Hunter’s Corner: How another nor’easter will affect wildlife

For the Monitor
Published: 3/21/2018 12:22:18 AM

Spring seemed to arrive back in February when the Merrimack River was open, fields were sort of bare and the small ponds were opening up. Every morning a flight of resident geese would fly over my house at 6:30 a.m. It was a tonic that brought a daily smile to my face.

But Tuesday was the first day of spring and we are looking at a fourth Nor’easter coming our way on Wednesday.

Both deer and turkeys will hunker down as a result of the snow. But the snow we have been receiving is nothing new for March. Most of our heaviest snow accumulations have historically come around the 15th of March.

After a normal winter, March is the last challenge to the deer population. That’s when their fat reserves are near exhaustion and they are in desperate need of green up. From a winter severity index, which consists of the number of days with 18 or more inches of snow on the ground plus the number of below zero days, the 2017-18 winter was a cake walk in the greater Concord area. To make matters better, the deer herd entered winter with significant fat reserves (the New Hampshire Fish and Game Department checks remaining fat reserves from road kill). So I remain totally optimistic about the deer population in the greater Concord area. Deer in the rest of the state, which has been pounded by snow, remains a question mark.

March is also time for trout fans to catch monster rainbows of bragging size because rainbow trout spawn in March. All of those feeder streams pouring into the big lakes that hold sizable rainbow populations are prime candidates for prime trout. Admittedly, this type of fishing is not for the weak at heart. It will be probably be the most challenging rainbow fishing you can encounter, but the risk is worth the rewards.
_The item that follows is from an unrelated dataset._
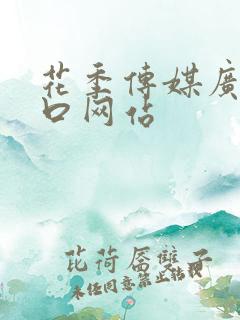 花季传媒广告入口网站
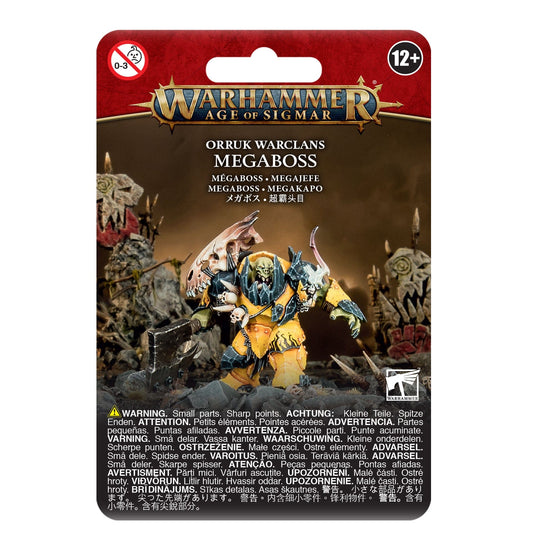 Orruks Warclans ORRUK WARCLANS: ORRUK MEGABOSS 5011921165278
By law, you must have your bob house off the ice by April 1. Chances are if you still have your bob house on the ice you’re already flirting danger. January was a great month for making ice. February was just the opposite. At one point in time, it was my opinion that it would be a late ice out, but February convinced me of the contrary. When you factor in the longer ours of light, azimuth of the sun and generally warming temperatures, ice out should be a normal mid-April if not sooner.

Fish and Game will hold its wildlife rule proposal hearing at 6:30 p.m. on April 3 at its headquarters in Concord. The hearing will cover deer, bear, turkey, moose, gray squirrel, cottontail rabbit fisher and red and gray fox hunting and trapping seasons.

Fish and Game is proposing enhanced hunting opportunities in 11 of the 20 Wildlife Management Units. These enhanced hunting opportunities include additional either-sex hunting days in WMU’s C 2, D 2W, E, F, G 1, G 2, I 1, I 2, and J 1. Two thousand antlerless-only permits for use in WMU l will be issued via a new online lottery system. Crossbows will be allowed in WMU M during archery season.

There will also be the establishment of a Deer Management Assistance Program to support towns with documented evidence of an overabundant deer populations. This will give the department the authority to regulate deer feeding when evidence indicates said feeding is causing deer mortality or is threatening public safety.

The bear population continues to expand in two of the state’s six bear management regions. As a result, it is proposed to add seven days of bait hunting and nine days of still hunting to the existing bear season in the White Mountains and Central regions. Also proposed is the adding of 14 days of still hunting in Southwest-2 and Southeast regions.

Turkey proposed changes include moving the opening day from May 3 to May 1 in 2019 and allowing a second turkey to be taken in the spring hunt but you could not take a fall turkey in WMU H 1, H 2, J 2, K, L, and M. These WMU’s could easily sustain a two-bird bag limit in the spring as well as a one-bird fall bag limit.

No changes are being proposed the 2019 moose season with 51 either-sex permits being issued plus one permit for the Hunt of a Lifetime and one permit for the New Hampshire Wildlife Heritage Foundation. Since the Foundation funds Fish and Game projects, this seems like a short-sighted decision by Fish and Game.

Also being recommended is a one-month expansion of the gray squirrel and cottontail rabbit seasons by adding the month of January, and a reduction in the length of the fisher and red and gray fox hunting and trapping seasons.

I’m not sure if Fish and Game has issued many bird-feeder alerts, but it did this year.

“During recent years, den emergence by bears appears to be a couple of weeks earlier as compared to historical trends, which is a direct result of milder winters and decreased snowpack,” said Bear Project Leader Andrew Timmins. “The strong spring sunshine, longer days, warmer temperatures, and receding snow level stimulate many wildlife species, including hungry bears, to start searching for available food. As bears start to get active, let it serve as a reminder that it is time to put the bird feeders away until next fall.”